Thesis Type: Postgraduate
Institution Of The Thesis: Orta Doğu Teknik Üniversitesi, Faculty of Engineering, Department of Civil Engineering, Turkey
Approval Date: 2013
Student: MUSTAFA AKÇELİK
Supervisor: İSMAİL YÜCELAbstract:
In support of the National Oceanic and Atmospheric Administration (NOAA) National Weather Service’s (NWS) flash flood warning and heavy precipitation forecast efforts, the NOAA National Environmental Satellite Data and Information Service (NESDIS) Center for Satellite Applications and Research (STAR) has been providing satellite based precipitation estimates operationally since 1978. Two of the satellite based rainfall algorithms are the Hydro-Estimator (HE) and the Self-Calibrating Multivariate Precipitation Retrieval (SCaMPR).

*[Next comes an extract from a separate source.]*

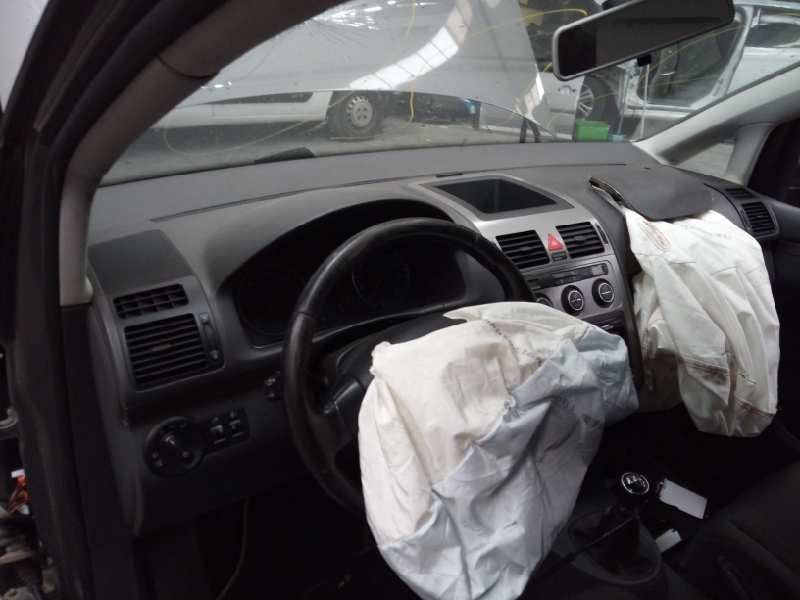 volkswagen touran (1t2) del año 2010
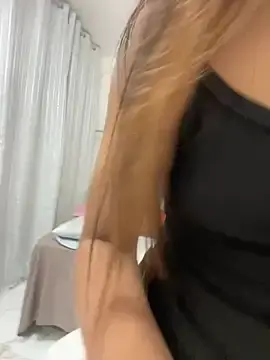 Stripchat Sex Cam of Robinzitah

Satellite based rainfall algorithms need to be adjusted for the orographic events and atmospheric variables for the continued improvement of the estimates. However, unlike the HE algorithm, the SCaMPR does not currently make any adjustments for the effects of complex topography on rainfall estimate. Bias structure of the SCaMPR algorithm suggests that the rainfall algorithm underestimates precipitation in case of upward atmospheric movements and high temperature levels. Also SCaMPR algorithm overestimates rainfall in case of downward atmospheric movements and low temperature levels. A regionally dependent empirical elevation-based bias correction technique and also a temperature based bias correction technique may help to improve the quality of satellite-derived precipitation products. In this study, an orographic correction method and a temperature correction method that will enhance precipitation distribution, improve accuracy and remove topography and temperature dependent bias is developed for the Self-Calibrating Multivariate Precipitation Retrieval (SCaMPR) rainfall algorithm to be used in operational forecasting for meteorological and hydrological applications.